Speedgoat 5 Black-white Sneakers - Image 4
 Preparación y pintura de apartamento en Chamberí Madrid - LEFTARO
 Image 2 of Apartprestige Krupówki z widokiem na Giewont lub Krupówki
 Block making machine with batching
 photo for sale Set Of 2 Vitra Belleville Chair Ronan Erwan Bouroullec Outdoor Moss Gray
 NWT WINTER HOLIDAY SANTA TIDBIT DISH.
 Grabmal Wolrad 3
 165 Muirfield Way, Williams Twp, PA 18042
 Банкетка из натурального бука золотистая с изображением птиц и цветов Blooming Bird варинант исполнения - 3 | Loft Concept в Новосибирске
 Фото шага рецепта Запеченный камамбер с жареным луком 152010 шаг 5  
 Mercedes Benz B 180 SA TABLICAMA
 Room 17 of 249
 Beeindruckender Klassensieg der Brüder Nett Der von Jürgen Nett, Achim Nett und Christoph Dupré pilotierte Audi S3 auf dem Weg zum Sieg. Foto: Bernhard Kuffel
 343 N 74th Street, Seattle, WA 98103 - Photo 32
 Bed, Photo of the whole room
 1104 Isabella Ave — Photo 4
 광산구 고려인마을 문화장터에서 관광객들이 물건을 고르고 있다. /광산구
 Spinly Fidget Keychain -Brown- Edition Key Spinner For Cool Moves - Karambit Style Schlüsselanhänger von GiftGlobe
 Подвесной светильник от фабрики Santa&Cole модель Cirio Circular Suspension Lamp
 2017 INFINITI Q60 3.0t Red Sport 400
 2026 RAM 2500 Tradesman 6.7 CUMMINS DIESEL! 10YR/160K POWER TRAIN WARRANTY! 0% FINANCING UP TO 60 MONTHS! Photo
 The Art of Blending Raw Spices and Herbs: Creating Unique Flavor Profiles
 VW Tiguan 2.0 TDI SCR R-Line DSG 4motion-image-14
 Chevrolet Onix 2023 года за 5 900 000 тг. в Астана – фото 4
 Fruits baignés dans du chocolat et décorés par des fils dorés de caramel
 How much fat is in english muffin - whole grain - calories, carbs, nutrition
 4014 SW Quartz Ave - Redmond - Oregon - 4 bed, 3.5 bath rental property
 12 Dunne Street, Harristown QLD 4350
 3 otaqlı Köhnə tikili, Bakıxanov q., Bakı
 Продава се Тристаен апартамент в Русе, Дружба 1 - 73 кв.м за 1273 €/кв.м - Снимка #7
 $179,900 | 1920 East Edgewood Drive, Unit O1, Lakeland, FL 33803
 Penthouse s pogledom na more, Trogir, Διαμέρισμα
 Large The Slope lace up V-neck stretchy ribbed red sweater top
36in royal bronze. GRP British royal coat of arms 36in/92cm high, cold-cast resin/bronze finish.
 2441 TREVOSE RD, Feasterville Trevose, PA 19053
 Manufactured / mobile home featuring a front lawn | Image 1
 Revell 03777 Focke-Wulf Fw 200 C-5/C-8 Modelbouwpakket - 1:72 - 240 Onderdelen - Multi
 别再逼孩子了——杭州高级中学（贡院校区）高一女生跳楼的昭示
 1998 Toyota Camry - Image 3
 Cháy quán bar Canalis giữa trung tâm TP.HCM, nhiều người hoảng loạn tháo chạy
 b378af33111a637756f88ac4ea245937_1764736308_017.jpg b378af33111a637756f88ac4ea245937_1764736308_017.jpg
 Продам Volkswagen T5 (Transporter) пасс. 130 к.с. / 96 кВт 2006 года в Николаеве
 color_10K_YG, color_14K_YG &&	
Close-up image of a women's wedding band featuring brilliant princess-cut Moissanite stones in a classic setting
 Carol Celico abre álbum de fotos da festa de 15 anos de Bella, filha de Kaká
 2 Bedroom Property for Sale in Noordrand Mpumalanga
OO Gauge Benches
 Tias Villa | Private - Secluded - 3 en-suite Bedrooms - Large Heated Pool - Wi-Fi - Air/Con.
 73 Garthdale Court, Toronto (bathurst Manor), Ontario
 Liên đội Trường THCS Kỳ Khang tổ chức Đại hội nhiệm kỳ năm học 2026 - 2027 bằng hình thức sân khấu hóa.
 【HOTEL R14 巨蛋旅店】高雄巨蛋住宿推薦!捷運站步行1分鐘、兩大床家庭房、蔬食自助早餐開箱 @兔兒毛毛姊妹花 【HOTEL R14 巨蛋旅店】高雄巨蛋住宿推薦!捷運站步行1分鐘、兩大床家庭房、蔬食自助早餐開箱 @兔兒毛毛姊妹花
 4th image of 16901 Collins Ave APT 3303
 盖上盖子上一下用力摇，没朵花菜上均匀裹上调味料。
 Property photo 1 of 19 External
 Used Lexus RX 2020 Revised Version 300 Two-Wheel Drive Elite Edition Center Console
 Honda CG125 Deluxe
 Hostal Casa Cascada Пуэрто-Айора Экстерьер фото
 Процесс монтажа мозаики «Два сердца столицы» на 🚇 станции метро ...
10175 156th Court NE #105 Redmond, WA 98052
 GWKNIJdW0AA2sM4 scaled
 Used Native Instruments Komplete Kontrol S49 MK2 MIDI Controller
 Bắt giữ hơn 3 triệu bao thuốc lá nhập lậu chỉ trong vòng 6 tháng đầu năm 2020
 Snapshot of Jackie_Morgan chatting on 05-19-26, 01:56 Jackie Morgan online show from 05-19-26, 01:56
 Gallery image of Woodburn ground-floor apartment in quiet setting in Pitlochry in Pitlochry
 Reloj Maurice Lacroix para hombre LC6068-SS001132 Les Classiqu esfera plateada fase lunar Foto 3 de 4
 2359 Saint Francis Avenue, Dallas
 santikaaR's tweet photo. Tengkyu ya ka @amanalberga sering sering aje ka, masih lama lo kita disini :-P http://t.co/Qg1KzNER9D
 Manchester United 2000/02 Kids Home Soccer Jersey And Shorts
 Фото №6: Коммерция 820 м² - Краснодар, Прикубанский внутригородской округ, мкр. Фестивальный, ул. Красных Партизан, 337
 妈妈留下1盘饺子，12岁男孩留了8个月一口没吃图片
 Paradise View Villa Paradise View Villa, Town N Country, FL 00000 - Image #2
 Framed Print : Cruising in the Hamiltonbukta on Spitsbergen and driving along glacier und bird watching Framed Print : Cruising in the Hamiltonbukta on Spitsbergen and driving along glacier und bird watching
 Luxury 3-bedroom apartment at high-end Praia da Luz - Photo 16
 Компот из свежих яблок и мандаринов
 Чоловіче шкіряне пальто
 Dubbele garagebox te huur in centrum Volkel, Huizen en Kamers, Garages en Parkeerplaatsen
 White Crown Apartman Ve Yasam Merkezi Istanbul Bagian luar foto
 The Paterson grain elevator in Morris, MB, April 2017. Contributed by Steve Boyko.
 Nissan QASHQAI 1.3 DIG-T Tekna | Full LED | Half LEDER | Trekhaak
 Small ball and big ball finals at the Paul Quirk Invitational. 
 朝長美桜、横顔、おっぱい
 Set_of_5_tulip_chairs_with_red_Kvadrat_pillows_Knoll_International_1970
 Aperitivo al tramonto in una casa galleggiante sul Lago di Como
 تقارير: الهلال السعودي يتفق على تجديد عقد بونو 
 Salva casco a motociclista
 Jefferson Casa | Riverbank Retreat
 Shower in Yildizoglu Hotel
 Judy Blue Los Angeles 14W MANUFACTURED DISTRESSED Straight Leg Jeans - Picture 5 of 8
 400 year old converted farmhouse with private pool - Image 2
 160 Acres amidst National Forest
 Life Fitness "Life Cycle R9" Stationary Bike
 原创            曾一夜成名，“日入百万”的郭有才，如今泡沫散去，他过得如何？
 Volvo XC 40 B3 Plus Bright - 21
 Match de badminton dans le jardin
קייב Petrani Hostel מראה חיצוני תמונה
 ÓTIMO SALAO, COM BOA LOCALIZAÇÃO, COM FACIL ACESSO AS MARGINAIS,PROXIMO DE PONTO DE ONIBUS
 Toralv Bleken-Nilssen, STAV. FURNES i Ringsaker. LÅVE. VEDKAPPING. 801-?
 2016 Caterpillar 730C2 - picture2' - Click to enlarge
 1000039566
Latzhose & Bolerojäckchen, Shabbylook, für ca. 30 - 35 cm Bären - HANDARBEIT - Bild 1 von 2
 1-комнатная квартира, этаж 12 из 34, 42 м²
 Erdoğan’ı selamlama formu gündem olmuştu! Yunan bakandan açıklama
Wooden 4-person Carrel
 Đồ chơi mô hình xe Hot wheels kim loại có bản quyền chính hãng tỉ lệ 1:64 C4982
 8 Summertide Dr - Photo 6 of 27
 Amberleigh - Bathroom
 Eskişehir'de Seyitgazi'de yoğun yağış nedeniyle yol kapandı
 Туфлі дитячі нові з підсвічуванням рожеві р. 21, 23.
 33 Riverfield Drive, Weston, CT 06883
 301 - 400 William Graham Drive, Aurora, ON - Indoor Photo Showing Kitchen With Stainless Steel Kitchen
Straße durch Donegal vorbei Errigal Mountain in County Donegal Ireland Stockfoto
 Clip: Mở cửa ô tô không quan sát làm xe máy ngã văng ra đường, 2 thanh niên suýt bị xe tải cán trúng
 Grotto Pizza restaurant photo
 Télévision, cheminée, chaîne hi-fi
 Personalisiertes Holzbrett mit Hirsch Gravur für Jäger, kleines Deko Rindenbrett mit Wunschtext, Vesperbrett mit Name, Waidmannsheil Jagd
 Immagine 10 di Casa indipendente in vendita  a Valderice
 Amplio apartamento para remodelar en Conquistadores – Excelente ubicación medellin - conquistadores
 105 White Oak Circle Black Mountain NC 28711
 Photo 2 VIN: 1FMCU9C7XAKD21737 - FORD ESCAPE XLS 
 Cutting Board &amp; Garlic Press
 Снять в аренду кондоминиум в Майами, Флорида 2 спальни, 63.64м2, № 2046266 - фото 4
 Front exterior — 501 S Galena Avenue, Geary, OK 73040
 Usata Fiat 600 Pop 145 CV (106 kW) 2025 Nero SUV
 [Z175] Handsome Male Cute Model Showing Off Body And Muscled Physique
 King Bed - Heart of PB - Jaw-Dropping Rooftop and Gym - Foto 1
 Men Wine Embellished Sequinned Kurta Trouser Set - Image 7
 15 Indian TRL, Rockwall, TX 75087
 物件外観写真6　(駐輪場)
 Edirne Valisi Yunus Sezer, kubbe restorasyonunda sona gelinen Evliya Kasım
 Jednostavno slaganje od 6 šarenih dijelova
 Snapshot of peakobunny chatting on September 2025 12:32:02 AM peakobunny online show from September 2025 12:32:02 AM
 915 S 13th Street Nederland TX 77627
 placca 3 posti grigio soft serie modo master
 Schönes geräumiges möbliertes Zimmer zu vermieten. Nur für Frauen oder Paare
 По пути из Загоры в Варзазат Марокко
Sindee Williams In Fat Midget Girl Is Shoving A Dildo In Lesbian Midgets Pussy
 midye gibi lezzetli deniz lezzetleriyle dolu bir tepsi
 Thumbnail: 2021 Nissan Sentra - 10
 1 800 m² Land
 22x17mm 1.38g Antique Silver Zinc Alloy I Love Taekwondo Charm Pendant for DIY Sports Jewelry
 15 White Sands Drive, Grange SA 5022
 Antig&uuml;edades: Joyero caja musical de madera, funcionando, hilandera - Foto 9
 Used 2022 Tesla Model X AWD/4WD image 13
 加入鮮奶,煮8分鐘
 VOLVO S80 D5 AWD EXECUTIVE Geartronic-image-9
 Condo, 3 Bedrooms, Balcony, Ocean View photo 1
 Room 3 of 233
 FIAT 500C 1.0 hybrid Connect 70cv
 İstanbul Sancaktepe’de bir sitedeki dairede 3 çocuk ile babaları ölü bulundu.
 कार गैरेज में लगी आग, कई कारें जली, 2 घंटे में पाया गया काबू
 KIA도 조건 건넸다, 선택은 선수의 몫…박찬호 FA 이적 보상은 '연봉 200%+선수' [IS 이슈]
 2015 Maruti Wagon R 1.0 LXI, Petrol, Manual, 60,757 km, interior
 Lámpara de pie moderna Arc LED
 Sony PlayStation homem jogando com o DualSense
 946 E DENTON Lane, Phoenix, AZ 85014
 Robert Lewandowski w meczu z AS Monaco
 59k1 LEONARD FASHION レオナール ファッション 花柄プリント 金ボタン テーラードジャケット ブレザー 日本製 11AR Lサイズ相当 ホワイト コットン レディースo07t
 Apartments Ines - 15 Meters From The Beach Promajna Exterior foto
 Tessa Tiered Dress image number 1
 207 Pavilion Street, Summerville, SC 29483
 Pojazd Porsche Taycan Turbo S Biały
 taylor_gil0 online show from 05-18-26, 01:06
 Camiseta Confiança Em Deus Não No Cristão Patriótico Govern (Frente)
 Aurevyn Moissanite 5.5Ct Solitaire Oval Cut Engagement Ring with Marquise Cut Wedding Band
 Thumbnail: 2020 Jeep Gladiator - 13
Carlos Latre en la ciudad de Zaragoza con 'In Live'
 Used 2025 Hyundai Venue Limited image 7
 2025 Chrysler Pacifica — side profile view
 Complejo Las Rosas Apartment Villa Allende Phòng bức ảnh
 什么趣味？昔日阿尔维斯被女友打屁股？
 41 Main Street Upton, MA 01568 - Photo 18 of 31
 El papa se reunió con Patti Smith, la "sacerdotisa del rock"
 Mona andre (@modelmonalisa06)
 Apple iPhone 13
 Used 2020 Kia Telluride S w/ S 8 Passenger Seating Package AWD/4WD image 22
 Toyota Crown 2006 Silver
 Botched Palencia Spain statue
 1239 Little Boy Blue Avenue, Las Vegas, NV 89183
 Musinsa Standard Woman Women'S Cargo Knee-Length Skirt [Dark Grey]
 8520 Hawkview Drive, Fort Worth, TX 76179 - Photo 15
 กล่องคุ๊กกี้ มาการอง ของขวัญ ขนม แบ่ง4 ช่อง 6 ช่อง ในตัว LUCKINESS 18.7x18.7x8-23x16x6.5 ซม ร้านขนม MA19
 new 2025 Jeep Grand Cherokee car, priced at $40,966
********
**Task prompt**
Return a word-for-word copy of the lines above from the one holding "Preparación y pintura" through the one holding "Room 17 of 249", with both of them included and nothing besides.

**Task result**
 Preparación y pintura de apartamento en Chamberí Madrid - LEFTARO
 Image 2 of Apartprestige Krupówki z widokiem na Giewont lub Krupówki
 Block making machine with batching
 photo for sale Set Of 2 Vitra Belleville Chair Ronan Erwan Bouroullec Outdoor Moss Gray
 NWT WINTER HOLIDAY SANTA TIDBIT DISH.
 Grabmal Wolrad 3
 165 Muirfield Way, Williams Twp, PA 18042
 Банкетка из натурального бука золотистая с изображением птиц и цветов Blooming Bird варинант исполнения - 3 | Loft Concept в Новосибирске
 Фото шага рецепта Запеченный камамбер с жареным луком 152010 шаг 5  
 Mercedes Benz B 180 SA TABLICAMA
 Room 17 of 249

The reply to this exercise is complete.